With Mr. King joining their caucus, Democrats will have a 55-45 edge in the Senate. Mr. King said that caucusing with Democrats will still allow him to take independent positions on issues.
Advisory panel wants more China oversight
A congressional advisory panel Wednesday urged tighter screening of investment by Chinese state-owned companies in the U.S., saying they present unfair competition to American firms.
That's the primary recommendation of an annual report by the U.S.-China Economic and Security Review Commission. The panel advises Congress on the national security implications of the relationship between the world's two biggest economies.
It is proposing that Congress broaden the mandate of a committee chaired by Treasury Secretary Timothy F. Geithner that screens foreign investment proposals.
China already accuses the U.S. of discriminating against its companies, although analysts say American firms face bigger obstructions investing in China. Chinese investment in the U.S. is still comparatively low but has risen sharply in recent years and is set to hit record levels in 2012.
Liberal think-tank outlines substantial Medicare cuts
Trying to prevent a raid on health care programs in upcoming budget talks, a think tank close to the White House on Wednesday released a plan for significant savings, mostly from Medicare.
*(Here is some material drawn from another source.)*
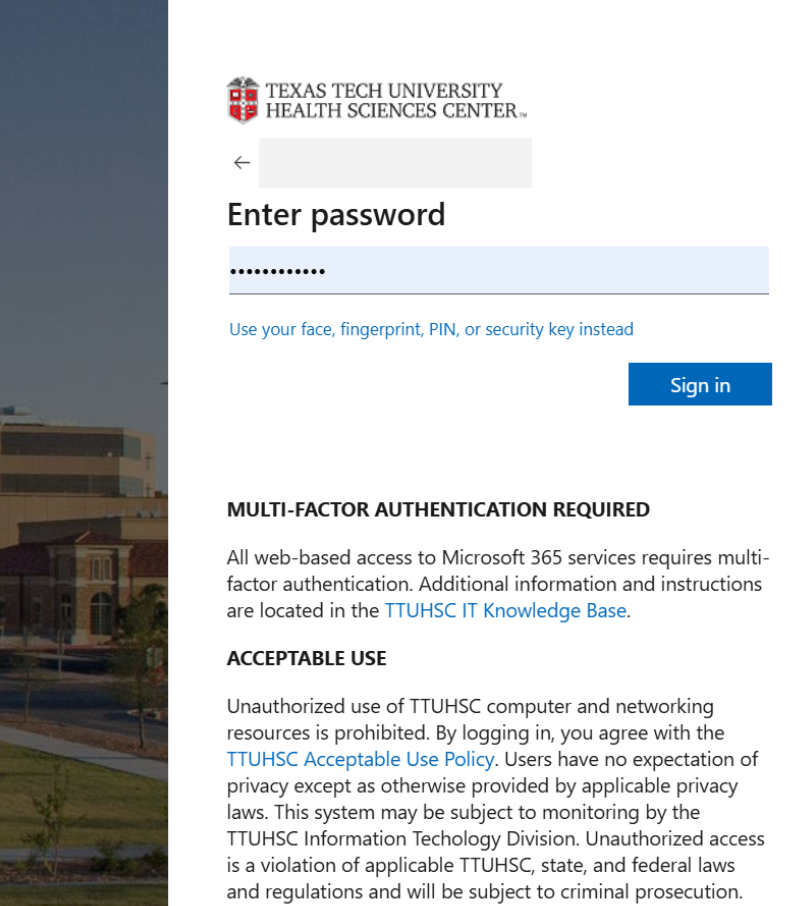 Screenshot of Microsoft Authenticator login window that shows on all TTUHSC logins. Enter username and password.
Medicaid and the new health care law are largely spared from cuts in the blueprint from the liberal-leaning Center for American Progress. Instead, it targets Medicare service providers, from the pharmaceutical industry to hospitals and nursing homes. Higher-income Medicare recipients also would face increased monthly premiums for outpatient and prescription coverage.
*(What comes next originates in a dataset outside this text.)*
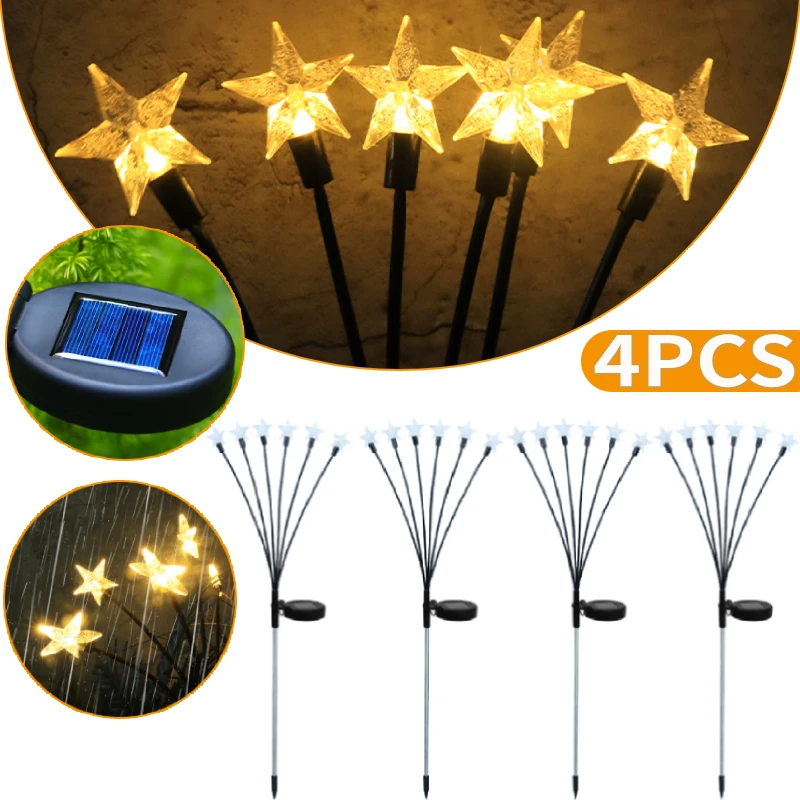 

4Pcs Solar Firefly Swaying Light 6 LED Solar Outdoor Lights Waterproof High Flexibility Warm White Yard Patio Pathway Decoration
Fuller picture of poverty: 49.7M poor people in U.S.
A different way of calculating America's poor by taking into account medical costs and work-related expenses finds a higher total than the government's official count.
This measure is aimed at providing a fuller picture of poverty. It found there are 49.7 million poor people in the country — or 16.1 percent of the population. That compares with the 46.2 million, or 15 percent, as reported in September in the U.S. Census Bureau's official count.
According to the newly developed measure, those more likely to live in poverty are people 65 or older, urbanites and Hispanics — the result of medical expenses and higher living costs in cities.
California had the highest share of poor people, followed by Arizona and Florida. In the official tally, it is Mississippi, New Mexico and Arizona.
Four-star general demoted in travel, spending scandal
Defense Secretary Leon E. Panetta has demoted the former head of U.S. Africa Command who was accused of spending thousands of dollars on lavish travel and other unauthorized expenses, the Pentagon said Tuesday.
Mr. Panetta stripped Gen. William "Kip" Ward of a star, which means that he will now retire as a three-star lieutenant general. Gen.Ward also has been ordered to repay the government $82,000.
The demotion came after retired Army Gen. David H. Petraeus resigned as CIA director because of an extramarital affair and Marine Gen. John Allen was being investigated for potentially improper communications with a woman.